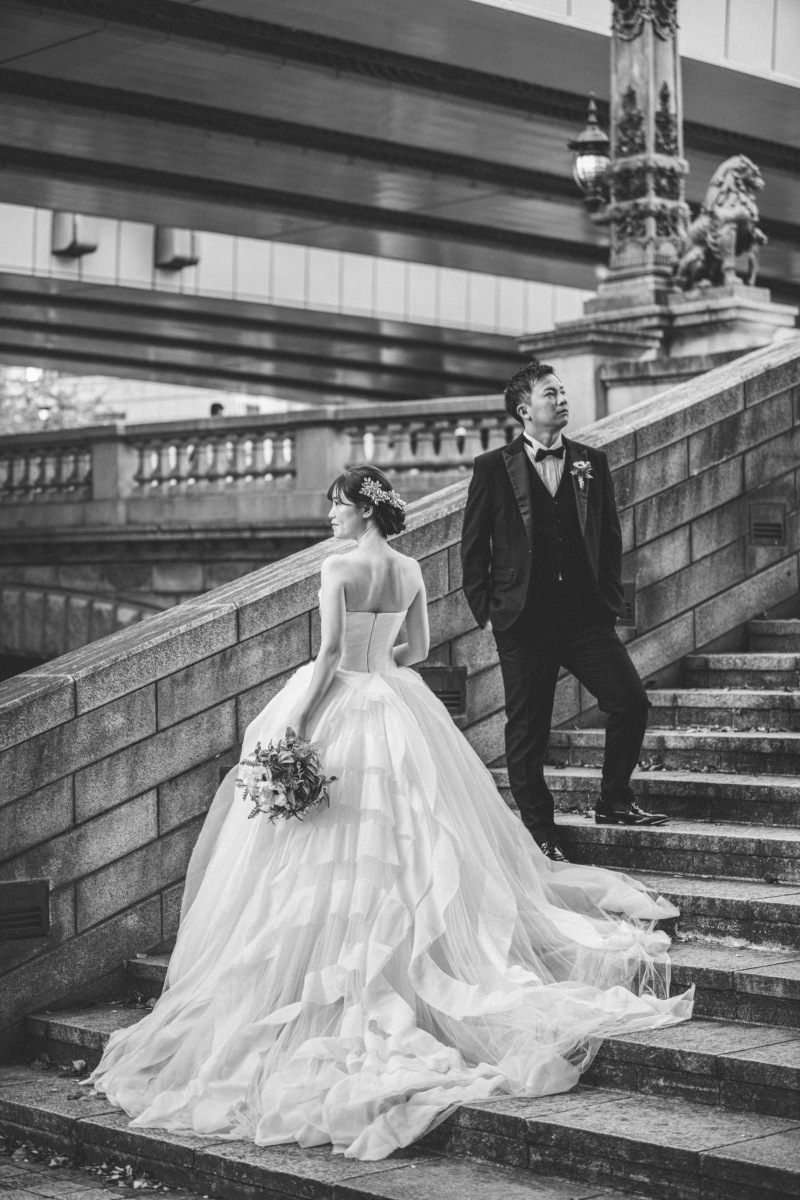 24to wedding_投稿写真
---
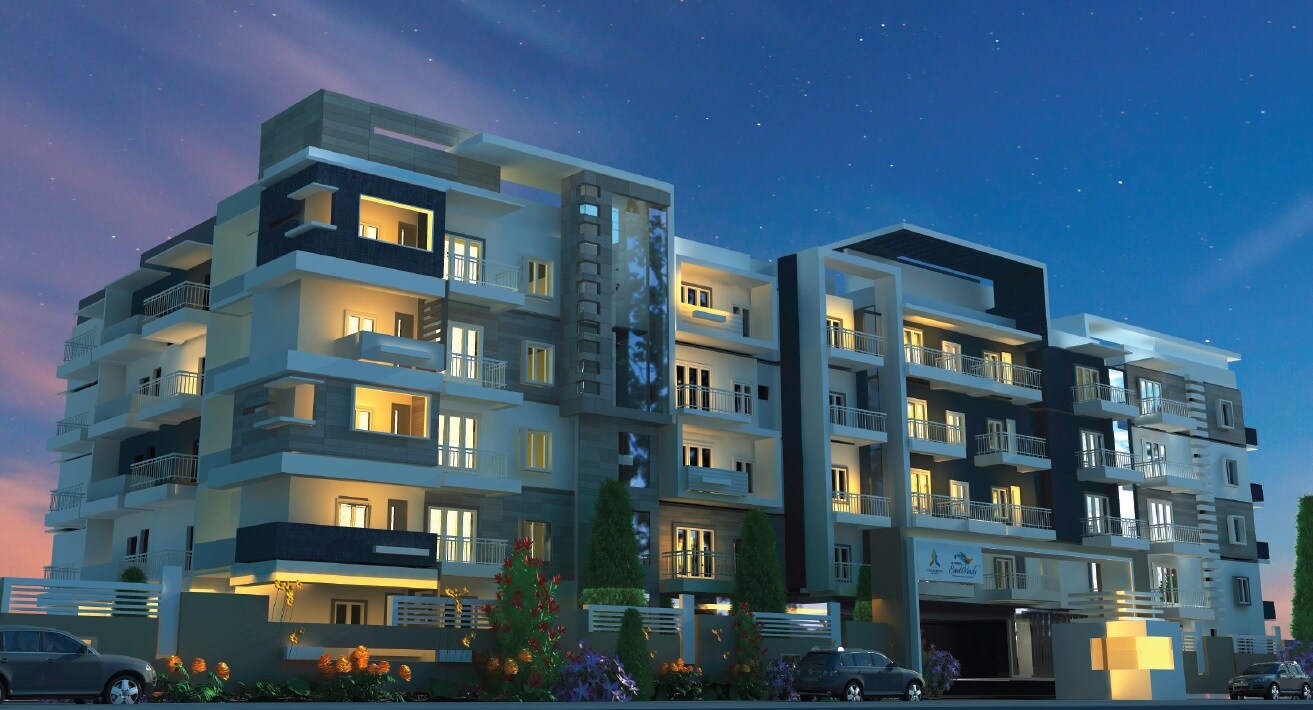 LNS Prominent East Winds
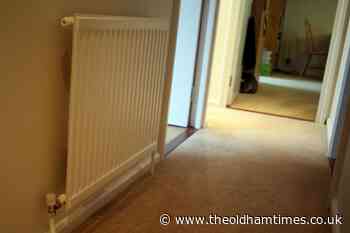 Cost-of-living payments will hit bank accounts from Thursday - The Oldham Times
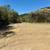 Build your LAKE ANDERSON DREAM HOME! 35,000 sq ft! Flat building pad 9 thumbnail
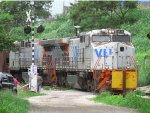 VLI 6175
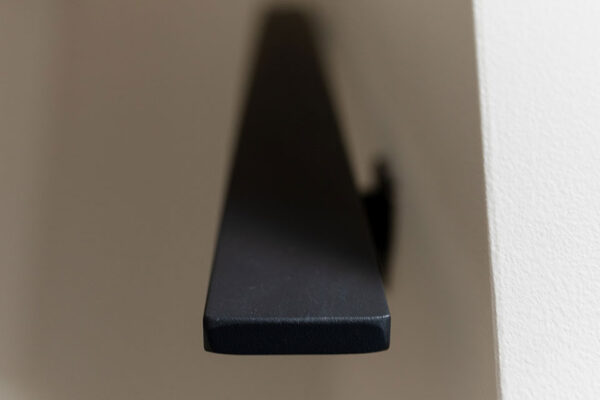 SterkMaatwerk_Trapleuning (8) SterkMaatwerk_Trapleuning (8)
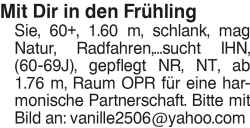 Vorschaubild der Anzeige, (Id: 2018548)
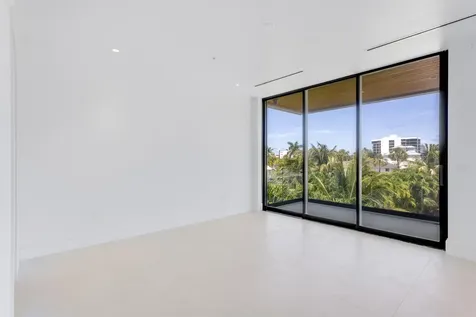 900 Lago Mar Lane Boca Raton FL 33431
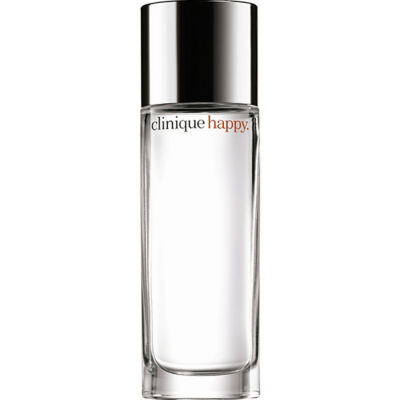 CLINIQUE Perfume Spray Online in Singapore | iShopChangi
...
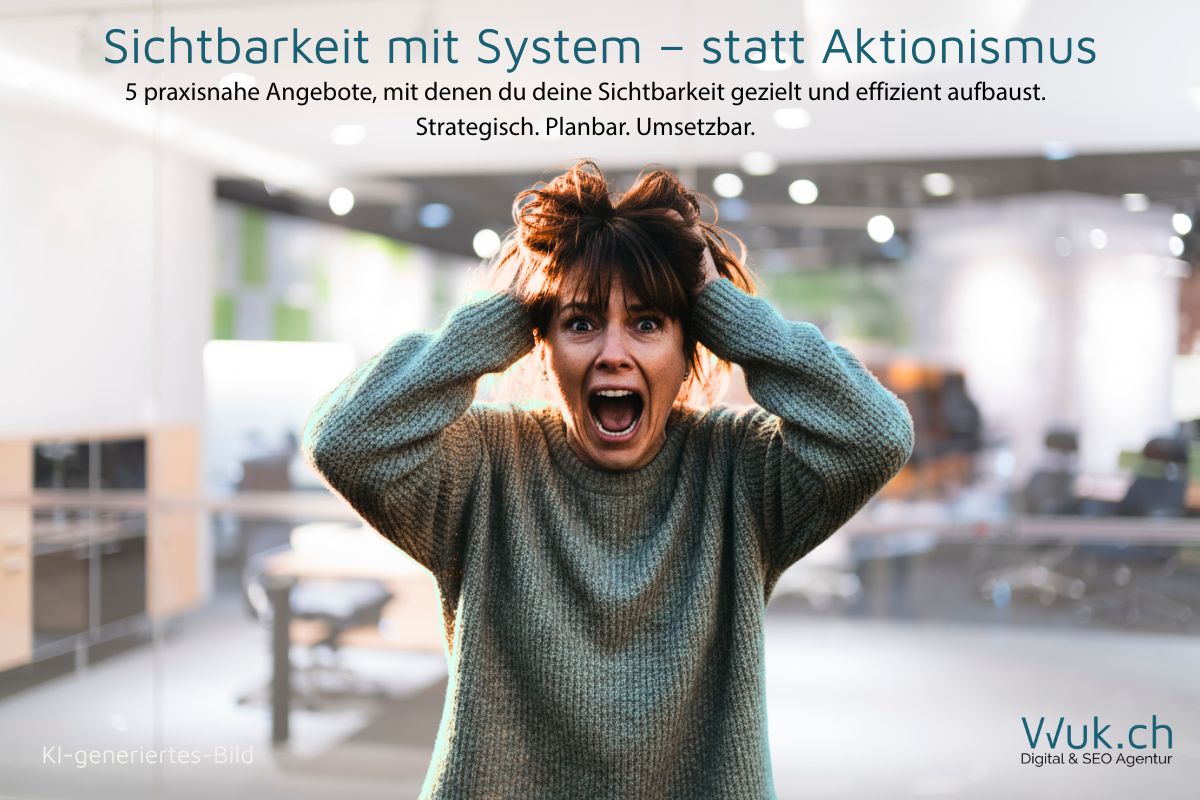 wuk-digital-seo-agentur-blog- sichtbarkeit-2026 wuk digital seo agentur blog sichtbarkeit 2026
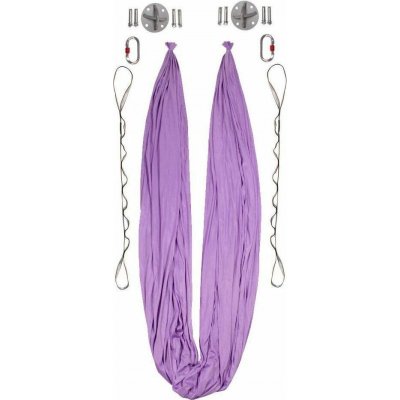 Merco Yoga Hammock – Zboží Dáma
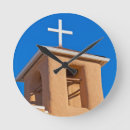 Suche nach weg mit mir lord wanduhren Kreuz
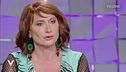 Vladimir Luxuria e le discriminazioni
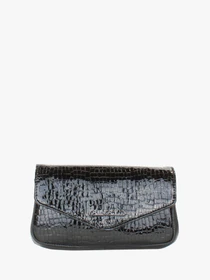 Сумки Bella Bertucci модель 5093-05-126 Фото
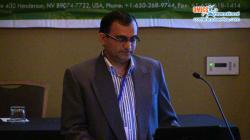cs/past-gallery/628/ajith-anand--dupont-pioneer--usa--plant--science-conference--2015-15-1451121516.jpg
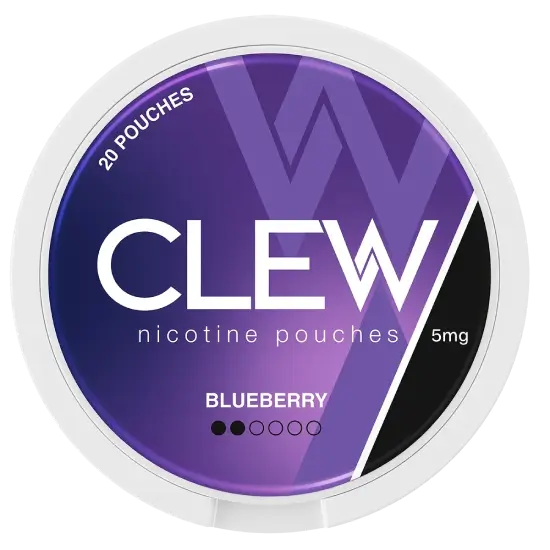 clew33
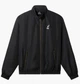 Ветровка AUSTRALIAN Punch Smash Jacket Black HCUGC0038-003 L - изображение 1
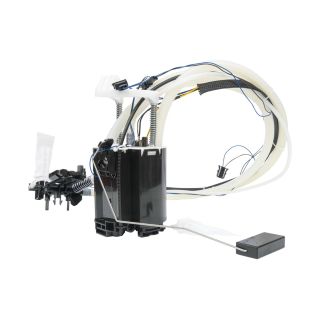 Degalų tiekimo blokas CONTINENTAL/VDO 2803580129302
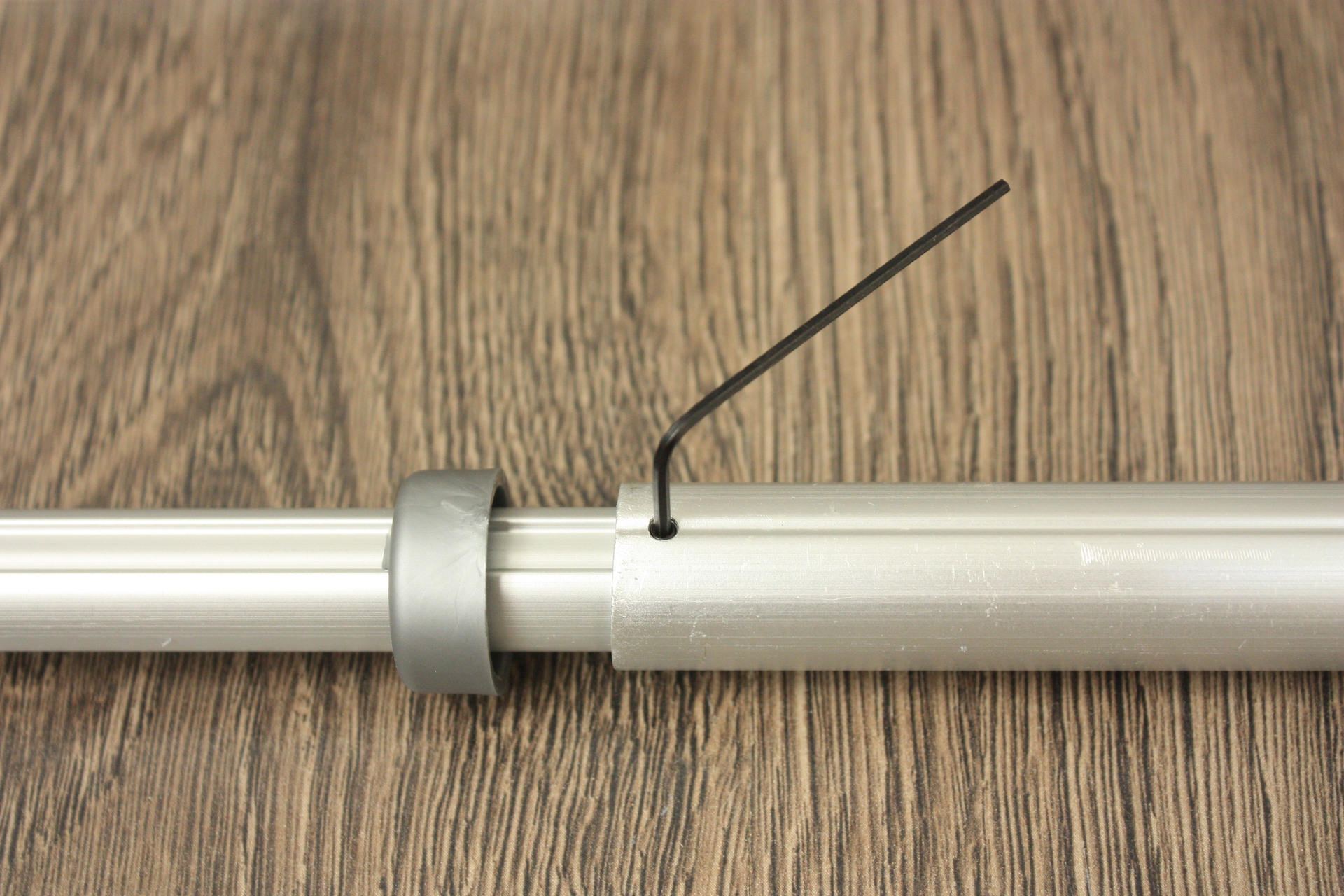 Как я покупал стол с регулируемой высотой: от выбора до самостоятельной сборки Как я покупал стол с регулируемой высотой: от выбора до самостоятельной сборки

* **Required work**: For this exercise, reproduce exactly the lines of the records above from the one with "Build your LAKE" up to and including the one with "CLINIQUE Perfume Spray", without pictures.

* **Written answer**:
 Build your LAKE ANDERSON DREAM HOME! 35,000 sq ft! Flat building pad 9 thumbnail
 VLI 6175
 SterkMaatwerk_Trapleuning (8) SterkMaatwerk_Trapleuning (8)
 Vorschaubild der Anzeige, (Id: 2018548)
 900 Lago Mar Lane Boca Raton FL 33431
 CLINIQUE Perfume Spray Online in Singapore | iShopChangi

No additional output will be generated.